Primitive Man – Caustic

Grâce à Throatruiner, label français qui fut à l’origine du premier pressage de Scorn pour l’Europe en 2013, nous autres suiveurs attentifs de la scène sludge avons pu profiter, dès le départ, de la sensation Primitive Man. Signé très vite par Relapse, cet album a fait le tour du monde du metal, de ses bacs à disques et de ses festivals, tant le propos de Primitive Man est nihiliste et oppressant, blackened sludge radical. Une coulée de boue empruntant aux musiques extrême ses gimmicks les plus marquants mais un disque qui, au final avait tendance à s’écouter jouer un peu trop, sur lequel les volontés grindcore se disputaient l’apocalypse à la grande dépression doom dans un fatras pas toujours cohérent. L’EP Home Is Where The Hatred Is avait déjà un peu corrigé le tir, gardant à l’esprit cette production épaisse et ce son radical, tout en accommodant savamment accélérations et breaks de pachyderme. Plus viscéral, il semblait avoir mis Primitive Man sur de bons rails et Caustic vient confirmer la franche évolution du trio de Denver, Colorado vers quelque chose de bien plus absolu.

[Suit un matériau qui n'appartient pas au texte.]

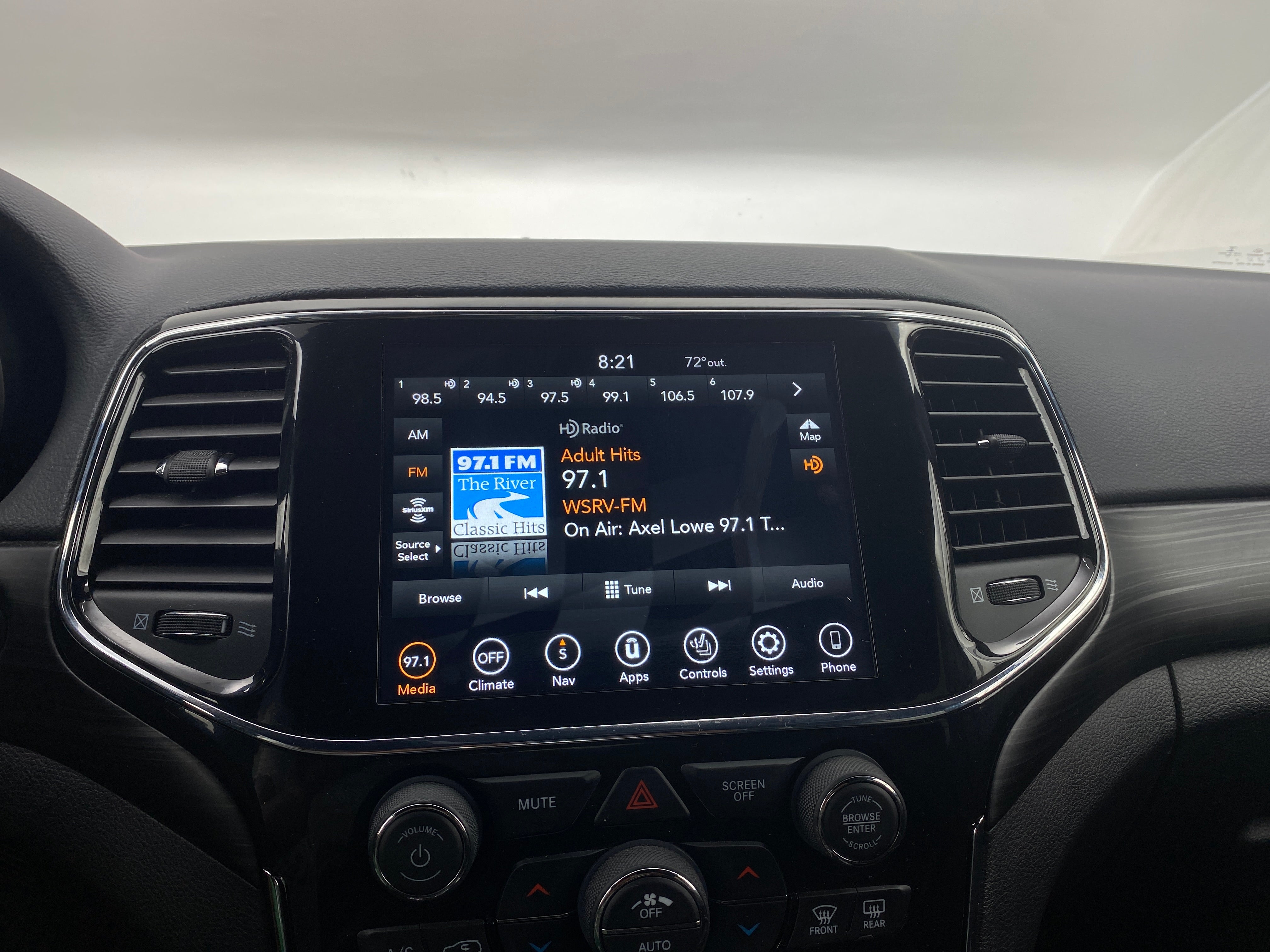 2022 Jeep Grand Cherokee Laredo 3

Car Caustic est définitivement un disque de doom. Un disque au tonnage indécent. Un disque affranchi des hésitations stylistiques passées. Un disque corrosif (Caustic) dans tous les sens du terme. Un disque rehaussé par l’excellent travail de production de Dave Otero (spécialiste du death metal moderne, de par son travail auprès de Cattle Decapitation ou Cephalic Carnage, on lui doit aussi Slow Forever de Cobalt, un album formidable masquant par sa production toutes les lacunes du groupe). Puissamment lourd, terriblement lent, Caustic est l’extrême expression d’un metal funéraire et désespéré. « My Will » ou « Commerce » (et son final dantesque) sont à ce titre d’éprouvants moments de bonheurs musicaux à la noirceur sans concession. Le disque creuse, encore et toujours plus profond dans les turpitudes de l’âme humaine et déverse dans ce sillon haine et douleur, comme lors des 12 minutes du sordide « Inevitable » durant lesquelles l’agonie est totale et le pessimisme à son paroxysme ou le pont strident et tétanisant d’« Absolutes », un moment qu’une écoute au casque prolongée pourrait transformer en délire schizophrénique sans trop de difficulté.

Bien sûr le jusqu’auboutisme musical rend le disque quelque peu anxiogène et difficile à digérer, il est évident qu’une telle pièce est difficilement appréhendable en une seule fois. C’était, à mon sens l’intérêt de l’EP. La longueur de ce disque – un peu plus d’une heure – transforme ici l’écoute en une expérience sensorielle qui ne se tente pas à n’importe quel moment de la journée. Reste que Primitive Man a trouvé son mode d’expression et il est particulièrement radical. A vous de le savourer ou de fuir si tant de violence vous effraie. Nous aurons la décence de ne pas juger.

 

Point Vinyle :

Relapse Records fait dans le subtil, avec deux versions couleur « os » de saison, l’une tachetée de noir (300ex) et l’autre moitié/moitié entre les tâches noirs et celles blanches (100 exemplaires, patch inclus). 100 exemplaires de la version « Clear » sont également partis pour les plus prompts. Pour finir, et pour satisfaire ceux qui ne courent pas après les raretés, 1550 disques noirs se sont également échappés de la presse.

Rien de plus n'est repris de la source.